What changes when an AI system can keep building software for eight hours from one prompt?
This is the practical question I have been exploring with M2. I do not mean “can an AI write code?” That question is already too small. A model can write a useful function, a test, a refactor, or a small feature. It can also fail in all the familiar ways: it can lose context, forget why a decision was made, stop after opening a pull request, wait for CI as if waiting were progress, or leave behind a summary that sounds plausible but cannot actually resume the work.
The more interesting question is whether AI-assisted software engineering can become durable. In other words, can an AI system keep track of a complex product goal, split the work into lanes, dispatch workers, review results, collect evidence, update pull requests, and then resume later from a real state record rather than from vibes?
For me, this is where M2 has started to feel like a game changer.
M2 means “manager of managers.” It does not mean milestone
- It is a protocol I have been using in my
csmonorepo to turn one prompt into a long-running control plane for software work. The best current example is3d.mycool.games, a complex browser-based 3D editor studio with Cinema 4D-style interaction goals, an SDL/WASM canvas, viewport controls, object and component editing, material UX, snapping, PBRT export, render proof, and a growing body of validation artifacts.
This post is a WIP account of that system. Some of the work is still rough. The public explanation is behind the private implementation. The protocol has some sharp edges. However, the core idea has become concrete enough that I want to write it down: AI-assisted SWE changes character when the unit of interaction is not a single completion, but a durable engineering run.
Background
Most AI coding workflows still feel like a conversation with a very fast individual contributor. That is useful. I use that mode constantly. It helps with local reasoning, boilerplate, tests, migrations, and understanding unfamiliar code.
However, a serious software project is not only a sequence of code edits. It is also product judgment, review, validation, handoff, integration, rollback, and remembering which constraints matter. The work is social even when only one human is involved, because the project needs different roles at different times.
For example, a 3D editor needs a product view of what the user is trying to do. It needs runtime data structures for scene objects, components, command history, and serialization. It needs UI judgment about how a viewport should feel. It needs renderer and picking logic. It needs tests and browser proof. It needs delivery discipline so the branch does not become an enormous, unreviewable pile.
When I tried to push that kind of project through ordinary single-agent prompting, the weak point was not that the model could not write code. The weak point was continuity. What happened two hours ago? Which gate was actually red? Which branch was the active one? Did the screenshot prove the exact commit, or just some previous local state? Did the PR represent the end of the work, or just a checkpoint?

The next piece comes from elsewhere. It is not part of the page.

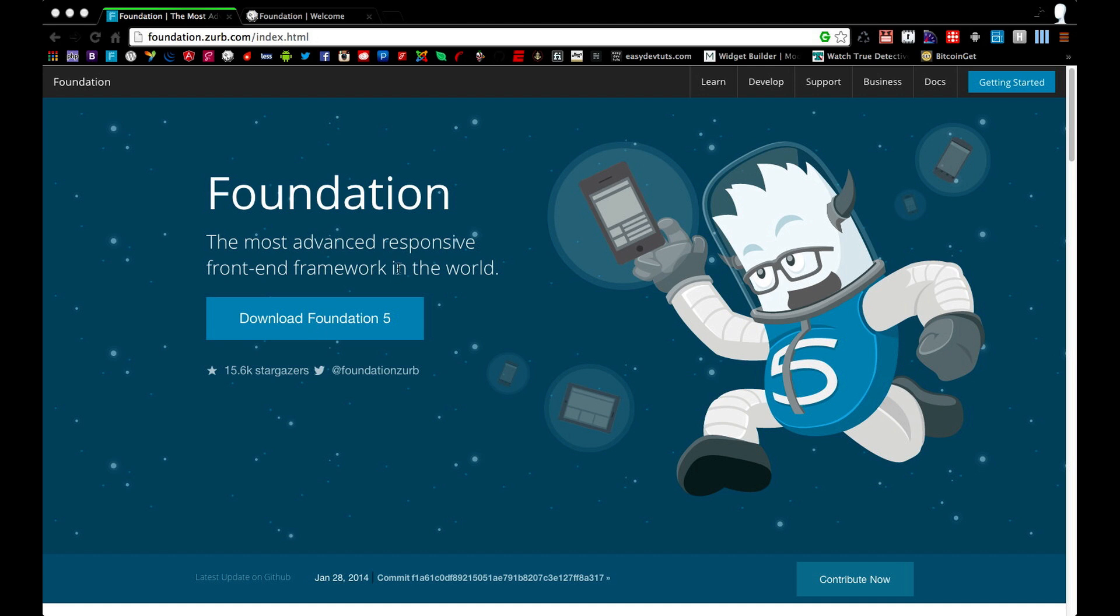Some of these features include a powerful grid system, some very useful UI components, and some really cool JavaScript plugins. So let's get started.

Those questions sound mundane, but they are exactly where long-running software work lives.
What M2 Is
M2 is my attempt to make that long-running work explicit. The protocol coordinates a top-level conductor, subteam managers, implementation workers, testers, reviewers, verification workers, and delivery workers. In ordinary language, it is a way to ask one AI system to behave less like a lone coder and more like a small engineering org with memory.
The invocation is intentionally small. For the 3D editor project, the shape is:
m2(.agents/projects/2026-04-21-3d-mycool-games-cinema-4d-pbrt-m2/plan.m2.gpt.md,
iterations:8192, duration:8h, numM1s:4)
The important part is not the syntax. The important part is what the syntax points to. The .plan.m2.gpt.md file is not just a TODO list. It is an orchestration entrypoint. It declares the product intent, the project file network, the manager graph, the work packets, the review and verification rules, the durable state requirements, and the acceptance rows that define whether the project is actually moving.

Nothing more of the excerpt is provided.